Malaysia Airlines, MH17 victim families reach settlement on second anniversary

AMSTERDAM, Netherlands, Malaysia Airlines reached a settlement agreement with the relatives of most victims who died on Flight MH17 on Sunday, the second anniversary of the crash.


The airline has agreed to pay damages of up to $145,000 to victims’ families as per the Montreal Convention, which regulates air travel. The second anniversary on Sunday was also the deadline for submitting damages claims but now that an agreement has been reached, the process for relatives has come to an end.

No further details will be released because both parties have agreed to secrecy, Veeru Mewa, the lawyer representing victims, said.

In October, the Dutch Safety Board said MH17 was destroyed by a Russian missile fired from territory held by pro-Russian rebels amid the conflict between Russia and Ukraine over Crimea. The board had been investigating the crash of the Boeing 777 since the aircraft went down in Donetsk Oblast, Ukraine, on July 17, 2014, killing all 298 people on board.

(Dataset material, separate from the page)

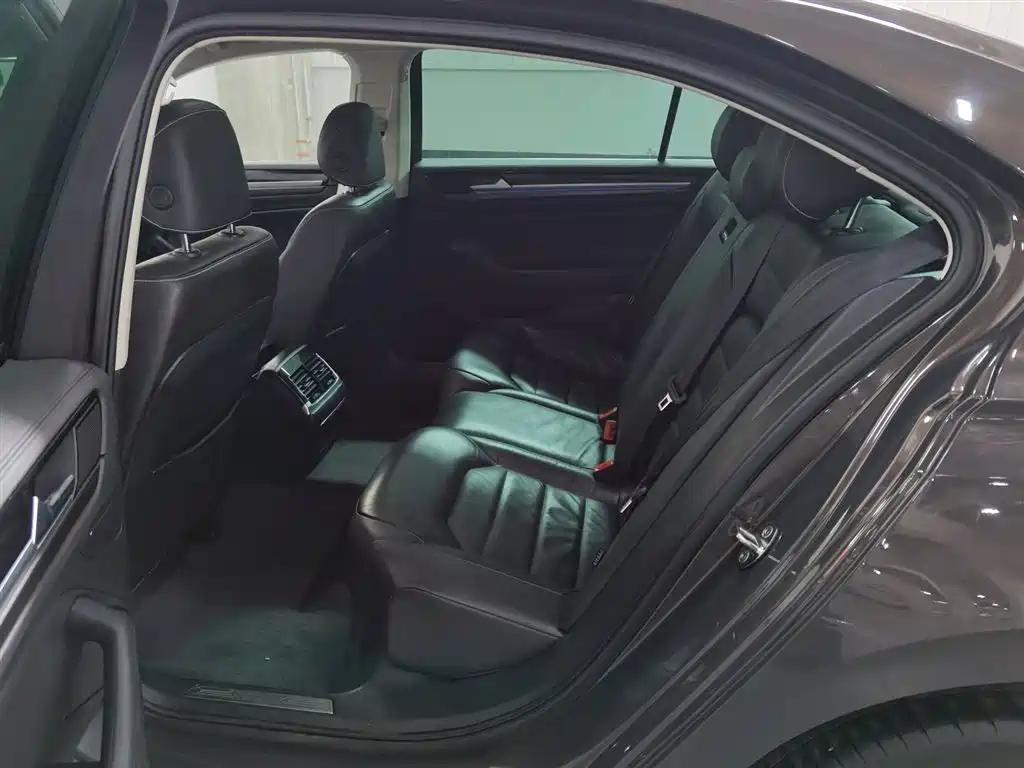 Volkswagen Phideon 2018 Facelift 380TSI FWD Business Edition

Most victims were Dutch. A memorial service was held on Sunday near Amsterdam.

The plane was hit by a Russian-made 9M38 Buk missile, Dutch investigators concluded. The missile hit the front left part of the plane, which broke off entirely. The Dutch board said airspace over the area should have been closed.

While the Dutch report confirms that MH17 was downed by a missile — a theory investigators believed possible from the start — it does not address who was responsible for firing the missile.

In January, Russia accused the Dutch Safety Board of incorrectly determining the possible launch site area of the missile that destroyed Flight 17.